The next half hour was a drawn out torturous process of this man trying on a shoe, trying to ask me questions about the leathers, construction, and durability of the shoe, while also trying to get his girlfriend to look up the shoes online to evaluate their style.  At the end of the marathon event, the startling revelation was reached – one simply cannot shoe shop over the phone!  “I’ll come back with my girlfriend this weekend.  She can’t decide while I’m on the phone.” He humbly apologized, and left the store.  Half an hour of interaction, very, very frustrating interaction, and the only thing he learned was exactly what I could have told him when he entered – cell phones are not shopping aids.  They are shopping hindrances.  Disavow that phone and I’ll disavow hating you.





Listen.
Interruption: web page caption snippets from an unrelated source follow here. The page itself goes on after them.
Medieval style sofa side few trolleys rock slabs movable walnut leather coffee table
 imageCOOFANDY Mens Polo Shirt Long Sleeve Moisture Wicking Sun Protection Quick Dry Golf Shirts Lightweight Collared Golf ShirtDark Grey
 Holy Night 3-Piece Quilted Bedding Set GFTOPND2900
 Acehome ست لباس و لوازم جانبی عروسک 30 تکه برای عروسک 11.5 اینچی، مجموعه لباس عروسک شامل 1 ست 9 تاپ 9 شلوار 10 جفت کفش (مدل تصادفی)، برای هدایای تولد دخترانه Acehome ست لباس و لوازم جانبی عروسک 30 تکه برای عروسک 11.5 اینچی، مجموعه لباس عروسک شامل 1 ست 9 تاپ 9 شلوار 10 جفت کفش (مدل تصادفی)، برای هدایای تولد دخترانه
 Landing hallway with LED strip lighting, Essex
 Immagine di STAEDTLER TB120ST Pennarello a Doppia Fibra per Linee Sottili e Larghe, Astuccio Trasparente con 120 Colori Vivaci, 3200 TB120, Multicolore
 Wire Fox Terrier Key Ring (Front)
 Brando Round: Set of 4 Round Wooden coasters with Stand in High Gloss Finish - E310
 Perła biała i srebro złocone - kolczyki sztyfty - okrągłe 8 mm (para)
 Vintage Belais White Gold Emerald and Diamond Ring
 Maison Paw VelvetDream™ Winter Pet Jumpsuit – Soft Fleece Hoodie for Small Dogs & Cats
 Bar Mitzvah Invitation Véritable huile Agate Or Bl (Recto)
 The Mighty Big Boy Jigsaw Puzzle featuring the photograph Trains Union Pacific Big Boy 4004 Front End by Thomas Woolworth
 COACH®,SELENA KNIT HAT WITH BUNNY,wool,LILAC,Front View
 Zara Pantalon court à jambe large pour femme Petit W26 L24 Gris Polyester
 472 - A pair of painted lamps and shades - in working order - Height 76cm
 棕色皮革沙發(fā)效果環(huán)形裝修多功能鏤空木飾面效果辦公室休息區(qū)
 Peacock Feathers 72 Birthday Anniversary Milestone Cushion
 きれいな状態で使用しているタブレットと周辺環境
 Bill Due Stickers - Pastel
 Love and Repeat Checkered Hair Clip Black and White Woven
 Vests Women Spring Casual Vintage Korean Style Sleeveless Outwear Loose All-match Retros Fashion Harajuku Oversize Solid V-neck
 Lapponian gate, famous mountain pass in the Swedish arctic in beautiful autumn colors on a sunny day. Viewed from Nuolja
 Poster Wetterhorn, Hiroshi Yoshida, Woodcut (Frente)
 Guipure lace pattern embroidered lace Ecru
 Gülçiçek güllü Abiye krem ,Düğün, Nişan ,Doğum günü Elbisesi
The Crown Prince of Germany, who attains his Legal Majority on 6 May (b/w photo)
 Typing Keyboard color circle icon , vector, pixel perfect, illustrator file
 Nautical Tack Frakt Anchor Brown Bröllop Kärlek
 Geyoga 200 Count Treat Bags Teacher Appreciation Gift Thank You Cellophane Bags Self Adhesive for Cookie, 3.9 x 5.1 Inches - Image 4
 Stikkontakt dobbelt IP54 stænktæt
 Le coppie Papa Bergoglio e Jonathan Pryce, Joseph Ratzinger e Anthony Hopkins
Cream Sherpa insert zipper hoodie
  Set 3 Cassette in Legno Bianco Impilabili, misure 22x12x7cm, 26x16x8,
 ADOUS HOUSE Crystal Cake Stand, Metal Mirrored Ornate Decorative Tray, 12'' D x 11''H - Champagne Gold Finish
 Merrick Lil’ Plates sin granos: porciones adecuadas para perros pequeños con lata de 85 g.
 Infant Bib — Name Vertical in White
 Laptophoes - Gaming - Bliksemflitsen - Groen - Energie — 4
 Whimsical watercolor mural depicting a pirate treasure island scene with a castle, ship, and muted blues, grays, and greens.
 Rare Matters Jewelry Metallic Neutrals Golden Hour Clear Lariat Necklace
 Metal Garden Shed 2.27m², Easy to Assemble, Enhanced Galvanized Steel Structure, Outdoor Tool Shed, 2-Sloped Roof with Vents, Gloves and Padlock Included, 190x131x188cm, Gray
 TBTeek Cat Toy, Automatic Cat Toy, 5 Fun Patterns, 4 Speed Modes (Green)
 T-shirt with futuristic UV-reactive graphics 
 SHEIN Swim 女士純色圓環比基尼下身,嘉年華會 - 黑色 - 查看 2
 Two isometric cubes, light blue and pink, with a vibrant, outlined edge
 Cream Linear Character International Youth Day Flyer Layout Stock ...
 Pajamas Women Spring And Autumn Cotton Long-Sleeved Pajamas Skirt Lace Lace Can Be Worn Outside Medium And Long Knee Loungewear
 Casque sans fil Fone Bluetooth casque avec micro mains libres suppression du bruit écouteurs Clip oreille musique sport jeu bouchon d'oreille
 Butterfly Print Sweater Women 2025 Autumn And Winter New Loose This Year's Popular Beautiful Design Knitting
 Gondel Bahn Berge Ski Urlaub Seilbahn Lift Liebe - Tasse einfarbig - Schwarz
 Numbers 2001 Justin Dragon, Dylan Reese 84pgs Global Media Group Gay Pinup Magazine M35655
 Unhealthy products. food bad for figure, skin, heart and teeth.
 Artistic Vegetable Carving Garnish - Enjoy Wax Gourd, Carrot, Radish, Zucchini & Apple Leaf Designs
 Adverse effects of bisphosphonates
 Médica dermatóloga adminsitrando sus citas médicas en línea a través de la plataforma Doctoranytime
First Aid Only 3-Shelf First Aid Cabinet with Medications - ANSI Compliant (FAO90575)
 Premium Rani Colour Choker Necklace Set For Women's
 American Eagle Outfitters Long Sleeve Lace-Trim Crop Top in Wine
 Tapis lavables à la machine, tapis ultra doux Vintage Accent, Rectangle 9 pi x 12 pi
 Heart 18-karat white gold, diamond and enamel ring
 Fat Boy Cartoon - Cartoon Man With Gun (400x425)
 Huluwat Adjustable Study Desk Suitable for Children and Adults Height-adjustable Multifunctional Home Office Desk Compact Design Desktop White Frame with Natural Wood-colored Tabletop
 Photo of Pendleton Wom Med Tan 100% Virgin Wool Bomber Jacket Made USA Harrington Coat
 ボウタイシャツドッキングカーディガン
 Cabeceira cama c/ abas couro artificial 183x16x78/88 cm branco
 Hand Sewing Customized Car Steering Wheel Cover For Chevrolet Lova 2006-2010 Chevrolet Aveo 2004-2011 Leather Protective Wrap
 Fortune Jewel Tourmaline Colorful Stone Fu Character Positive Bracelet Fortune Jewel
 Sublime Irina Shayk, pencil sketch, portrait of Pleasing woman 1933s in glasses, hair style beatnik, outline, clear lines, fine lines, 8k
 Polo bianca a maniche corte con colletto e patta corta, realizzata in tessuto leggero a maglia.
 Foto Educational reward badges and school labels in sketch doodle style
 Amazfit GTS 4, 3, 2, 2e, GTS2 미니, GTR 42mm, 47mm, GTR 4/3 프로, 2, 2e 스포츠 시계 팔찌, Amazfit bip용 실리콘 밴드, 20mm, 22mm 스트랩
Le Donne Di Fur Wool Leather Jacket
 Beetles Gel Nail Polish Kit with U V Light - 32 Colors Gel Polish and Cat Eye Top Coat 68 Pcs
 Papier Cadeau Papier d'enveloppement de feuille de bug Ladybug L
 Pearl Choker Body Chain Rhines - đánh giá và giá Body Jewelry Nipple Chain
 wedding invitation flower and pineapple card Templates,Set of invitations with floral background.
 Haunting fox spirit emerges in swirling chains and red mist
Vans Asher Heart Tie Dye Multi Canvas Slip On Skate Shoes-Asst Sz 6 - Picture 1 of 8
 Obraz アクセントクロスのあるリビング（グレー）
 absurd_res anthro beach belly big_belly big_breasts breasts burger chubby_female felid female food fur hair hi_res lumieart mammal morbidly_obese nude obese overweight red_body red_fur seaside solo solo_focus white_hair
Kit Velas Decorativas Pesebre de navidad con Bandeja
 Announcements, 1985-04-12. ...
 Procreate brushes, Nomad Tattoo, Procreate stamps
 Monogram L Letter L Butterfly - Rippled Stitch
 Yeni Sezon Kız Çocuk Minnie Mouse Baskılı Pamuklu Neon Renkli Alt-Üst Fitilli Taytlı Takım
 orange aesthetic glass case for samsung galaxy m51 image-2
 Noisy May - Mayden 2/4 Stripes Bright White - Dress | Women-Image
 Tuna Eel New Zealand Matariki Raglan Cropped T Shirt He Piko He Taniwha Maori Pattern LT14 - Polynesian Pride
I hate you:
  • You’re on the phone while ordering food
  • You’re on the phone while shopping
  • You’re on the phone while paying
  • You’re trying to have a conversation with a sales clerk while also having a conversation with your phone
  • You’ve just gestured a cashier/sales clerk/server while on the phone because you can’t interrupt the conversation.

How to be likeable:
  • Hang up the phone
  • HANG UP THE PHONE
  • If the phone call is too important to hang up, then it is important enough that you shouldn’t be shopping or ordering food while having it.  If it isn’t that important, then you can just as easily hang up, shop or order, then call the person back.
  • Did I mention that you should hang up the phone?

1 comment:

  1. Go anywhere in public and ask what common courtesy is anymore... Goodness.